As an art dealer and curator specializing in Southern images, it has been a dutiful exploration of my own heritage to exhibit photography that has captured the beautiful, sober accretion of a place geographically below the Mason-Dixon and east of Texas (inclusive, of course). I have worked to focus on photographers whose images chronicle a region that feeds our imagination and that we trust no matter what. For the curator and artist alike, numerous exhibitions are about a land of which we profess a fondness and continue to artistically explore.

From the beginning of Rebekah Jacob Gallery, photographers — such as, Eudora Welty, Dorthea Lange, Walker Evans, among others — have been essential to our curatorial program. The South at the center point of these WPA-era artists’s oeuvres, their pluralism of Southern themes becomes a poetic documentation that encompasses—and exceeds—Southern borders.

Perhaps current selections in our flat-files are a microcosm of a long, planned and unplanned road trips: images of clapboard churches, bottle trees, dilapidated structures — all waiting on someone to arrive. There are also images of bar-b-q joints whose interior decorations sparkle with white tiled walls, stuffed deer heads, ketchup bottles and checkered table cloths. These artstists’ raw, unstaged material share imagination between the photographer and viewer, spurring questions like, “Is this ‘for real’ or a movie set?’”

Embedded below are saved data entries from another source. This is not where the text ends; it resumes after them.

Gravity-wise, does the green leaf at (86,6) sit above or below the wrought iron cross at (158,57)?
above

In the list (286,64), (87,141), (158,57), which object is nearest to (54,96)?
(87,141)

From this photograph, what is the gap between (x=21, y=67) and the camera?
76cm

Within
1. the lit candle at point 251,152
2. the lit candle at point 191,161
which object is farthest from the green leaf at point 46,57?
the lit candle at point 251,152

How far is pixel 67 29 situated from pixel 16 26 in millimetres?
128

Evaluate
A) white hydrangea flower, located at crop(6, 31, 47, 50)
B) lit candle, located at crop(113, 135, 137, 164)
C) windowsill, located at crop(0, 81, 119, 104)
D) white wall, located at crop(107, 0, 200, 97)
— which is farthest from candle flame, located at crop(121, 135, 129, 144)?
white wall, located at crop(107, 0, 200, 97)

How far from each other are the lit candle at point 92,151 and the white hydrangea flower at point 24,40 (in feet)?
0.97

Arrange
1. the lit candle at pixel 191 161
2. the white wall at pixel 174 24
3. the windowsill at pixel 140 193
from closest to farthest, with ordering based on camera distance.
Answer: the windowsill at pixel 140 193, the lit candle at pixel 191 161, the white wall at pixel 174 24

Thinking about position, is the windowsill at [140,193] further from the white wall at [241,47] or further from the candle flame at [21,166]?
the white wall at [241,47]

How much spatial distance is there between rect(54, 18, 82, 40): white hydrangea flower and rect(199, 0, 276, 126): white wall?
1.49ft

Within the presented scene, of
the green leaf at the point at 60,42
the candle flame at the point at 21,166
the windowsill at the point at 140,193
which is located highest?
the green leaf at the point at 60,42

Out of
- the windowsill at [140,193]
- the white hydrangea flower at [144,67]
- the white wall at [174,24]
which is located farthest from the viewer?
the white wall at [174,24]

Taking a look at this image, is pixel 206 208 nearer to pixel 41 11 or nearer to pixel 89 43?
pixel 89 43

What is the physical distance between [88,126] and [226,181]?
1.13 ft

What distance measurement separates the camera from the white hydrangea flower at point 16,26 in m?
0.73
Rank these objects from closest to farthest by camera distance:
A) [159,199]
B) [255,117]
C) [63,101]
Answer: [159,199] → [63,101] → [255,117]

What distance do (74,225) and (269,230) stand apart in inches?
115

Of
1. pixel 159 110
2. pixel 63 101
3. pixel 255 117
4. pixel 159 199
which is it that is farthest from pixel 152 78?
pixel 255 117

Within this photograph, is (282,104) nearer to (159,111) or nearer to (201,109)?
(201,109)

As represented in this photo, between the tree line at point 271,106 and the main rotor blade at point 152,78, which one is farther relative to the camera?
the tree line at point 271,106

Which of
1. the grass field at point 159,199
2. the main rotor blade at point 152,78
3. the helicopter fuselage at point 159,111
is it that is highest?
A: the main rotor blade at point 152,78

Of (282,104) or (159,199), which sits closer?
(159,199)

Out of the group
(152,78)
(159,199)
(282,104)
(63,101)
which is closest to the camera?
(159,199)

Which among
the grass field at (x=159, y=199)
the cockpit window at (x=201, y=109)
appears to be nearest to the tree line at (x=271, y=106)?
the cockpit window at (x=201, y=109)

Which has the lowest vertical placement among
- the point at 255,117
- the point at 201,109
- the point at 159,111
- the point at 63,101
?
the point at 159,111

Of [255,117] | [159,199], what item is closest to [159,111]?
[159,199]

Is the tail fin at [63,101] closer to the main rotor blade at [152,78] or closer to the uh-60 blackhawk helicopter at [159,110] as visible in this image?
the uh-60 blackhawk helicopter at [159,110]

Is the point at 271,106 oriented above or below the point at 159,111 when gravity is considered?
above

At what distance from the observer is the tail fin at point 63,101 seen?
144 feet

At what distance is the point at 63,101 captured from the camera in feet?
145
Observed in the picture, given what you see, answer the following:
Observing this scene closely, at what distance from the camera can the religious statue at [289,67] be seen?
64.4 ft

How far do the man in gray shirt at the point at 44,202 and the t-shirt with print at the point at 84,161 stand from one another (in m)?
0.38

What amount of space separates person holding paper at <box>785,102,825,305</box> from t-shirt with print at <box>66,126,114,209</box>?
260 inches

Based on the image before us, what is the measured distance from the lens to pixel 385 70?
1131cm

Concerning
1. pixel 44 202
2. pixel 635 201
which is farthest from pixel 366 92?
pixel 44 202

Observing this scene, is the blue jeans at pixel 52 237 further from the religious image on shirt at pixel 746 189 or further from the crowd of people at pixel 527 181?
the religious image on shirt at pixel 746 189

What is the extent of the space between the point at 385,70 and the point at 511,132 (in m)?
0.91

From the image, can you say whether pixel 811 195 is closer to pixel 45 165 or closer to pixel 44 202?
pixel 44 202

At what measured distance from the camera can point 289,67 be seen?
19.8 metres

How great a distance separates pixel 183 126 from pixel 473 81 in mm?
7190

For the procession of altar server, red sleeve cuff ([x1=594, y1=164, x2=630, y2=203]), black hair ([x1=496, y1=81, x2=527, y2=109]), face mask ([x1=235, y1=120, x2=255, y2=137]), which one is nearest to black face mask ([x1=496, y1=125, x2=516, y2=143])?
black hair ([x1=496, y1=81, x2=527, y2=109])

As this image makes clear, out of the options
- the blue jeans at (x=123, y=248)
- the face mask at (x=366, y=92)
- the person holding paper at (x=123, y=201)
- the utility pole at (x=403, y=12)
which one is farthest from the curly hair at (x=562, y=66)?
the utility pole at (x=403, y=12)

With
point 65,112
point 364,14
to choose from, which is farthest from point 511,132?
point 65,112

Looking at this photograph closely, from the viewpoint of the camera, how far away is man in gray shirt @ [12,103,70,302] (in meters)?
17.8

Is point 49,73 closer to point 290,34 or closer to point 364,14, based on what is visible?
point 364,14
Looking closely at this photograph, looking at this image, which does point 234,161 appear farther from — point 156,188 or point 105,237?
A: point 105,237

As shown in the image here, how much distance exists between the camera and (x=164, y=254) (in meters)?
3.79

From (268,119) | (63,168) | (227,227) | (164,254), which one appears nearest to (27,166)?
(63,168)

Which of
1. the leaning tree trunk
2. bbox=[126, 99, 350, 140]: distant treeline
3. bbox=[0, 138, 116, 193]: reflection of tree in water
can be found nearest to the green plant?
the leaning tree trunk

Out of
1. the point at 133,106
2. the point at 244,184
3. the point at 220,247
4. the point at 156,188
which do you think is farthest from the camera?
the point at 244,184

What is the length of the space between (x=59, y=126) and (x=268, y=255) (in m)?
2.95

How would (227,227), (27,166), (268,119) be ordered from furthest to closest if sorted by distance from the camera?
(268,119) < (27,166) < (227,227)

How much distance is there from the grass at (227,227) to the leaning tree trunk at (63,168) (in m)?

As a curator and broker over the past twenty years, I have been honored to sift through hundreds of thousands of images, working carefully to select photos that poignantly tell of the South, my South…our South. I mostly black/white images but color images, too, that tell of the region’s mythic terrain, African American heritage, and compulsiveness with religion (God Bless; Jesus Saves). Throughout countless projects, I am always reminded of the technical genius the artists’ concise eyes, inherent skills of knowing when to click the shutter, and undeniable patience for the subject matters. Studying these artists through their visual essays, I have come to believe that it their dedication to the medium, personal kindness, and genuine spirit that grants a fate of being at the right place at the right time.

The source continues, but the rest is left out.